# Dymondwood Strikers



## Bigdrowdy1 (Jan 13, 2018)

Spending some time in shop today and turned out a few Dymond wood strikers. They are a little darker than the picture shows. Dymond wood is no longer available since the manufacturer burned down several years ago and it is getting hard to find. If anyone is interested in one let me know $15.00 ea plus shipping or open to do some bartering as well.



 










Rodney

Reactions: Like 3 | EyeCandy! 4 | Way Cool 3


----------



## Schroedc (Jan 13, 2018)

Those are Purty! I have a couple pieces of Dymondwood I'm hoarding. I wish I could figure out what brand those slabs I've got are. The only thing I know for sure is they aren't Dymondwood.

Reactions: Thank You! 1


----------



## ripjack13 (Jan 13, 2018)

Looks good Rodney....


----------



## JR Parks (Jan 14, 2018)

Rodney, I want one. How are they sound wise compared to real wood? I have some 4x4x 5/4 mesquite blanks if you are in need. Jim


----------



## Bigdrowdy1 (Jan 15, 2018)

JR Parks said:


> Rodney, I want one. How are they sound wise compared to real wood? I have some 4x4x 5/4 mesquite blanks if you are in need. Jim



I will send you a pm later today when i get home from work bud



Rodney.

Reactions: Like 1


----------



## Bigdrowdy1 (Jan 17, 2018)

@JR Parks pm message sent.


----------



## JR Parks (Jan 17, 2018)

Got it Rodney. My first choice would be 3rd from left, 2nd choice 5th from left-whichever one you haven't sold yet. Thanks Jim


----------



## Bigdrowdy1 (Jan 17, 2018)

Got it and will set it aside tonight for you.


----------



## Tom Wood (Feb 10, 2018)

Really beautiful!!!!!!! What are the dimensions of those strikers? What finish do you use on them?


----------



## JR Parks (Feb 22, 2018)

@Bigdrowdy1 Rodney and I did a trade for this striker . It came today - with a pot call and trumpet call. The T call is awesome Mexican crosscut Mesquite and African Blackwood the photo is not good at all. The finish is superb - since I don't know how to use this call I am assuming the finish just blinds them! Thanks Rodney - I sure got the best of this deal!!!! Jim

Reactions: Like 1


----------



## Bigdrowdy1 (Feb 22, 2018)

Jim just got home and had your box waiting on me. The blanks is through the roof awesome but that pen is sexy sweet!! Looks like and correct me if I ma wrong Mesquite with whitetail deer antler? I do not know the pen style but I like the magnetic cap feature on it. I will need to take some pictures to show this stuff off after I dry out. been working outside in this rainy dreary cold flippin day.



Rodney

Reactions: Like 1


----------



## JR Parks (Feb 22, 2018)

Yes whitetail and mesquite on a Zen rollerball. Yes nasty day here as well 38 and raining now. Jim


----------



## JR Parks (Feb 22, 2018)

Just noticed I forgot to post pic of trumpet call. Thanks again R

Reactions: Like 1


----------



## Tom Wood (Feb 23, 2018)

What is a trumpet call? What animal does it call, how does it work and how does it sound????
Thanks
TW


----------



## JR Parks (Feb 24, 2018)

Tom, @Tom Wood 
It is a turkey call. Best described in

Reactions: Way Cool 2


----------



## Bigdrowdy1 (Feb 28, 2018)

Well finally get to post what some may call pictures, m e they dont look like what I am taking a picture of. @JR Parks wanted one of the strikers above and I wanted to send him a little some extra. So in return for me sending him some stuff he sent me the following.

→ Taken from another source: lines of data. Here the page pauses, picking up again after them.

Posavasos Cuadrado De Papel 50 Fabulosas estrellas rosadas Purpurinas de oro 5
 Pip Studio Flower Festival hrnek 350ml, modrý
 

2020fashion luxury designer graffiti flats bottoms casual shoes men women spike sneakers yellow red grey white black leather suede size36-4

The woods are a Mesquite pot blank big enough to get a striker top out of it as well. TX persimmon, Zircote and some beautiful sap- heartwood Coco blanks.

The Woods



 

The pen is Mesquite with a TX Whitetail band with a post-able magnetic cap. the pen has a deep glass looking finish and is SWEET. 

Thank you Jim.



Rodney

Reactions: Way Cool 1


----------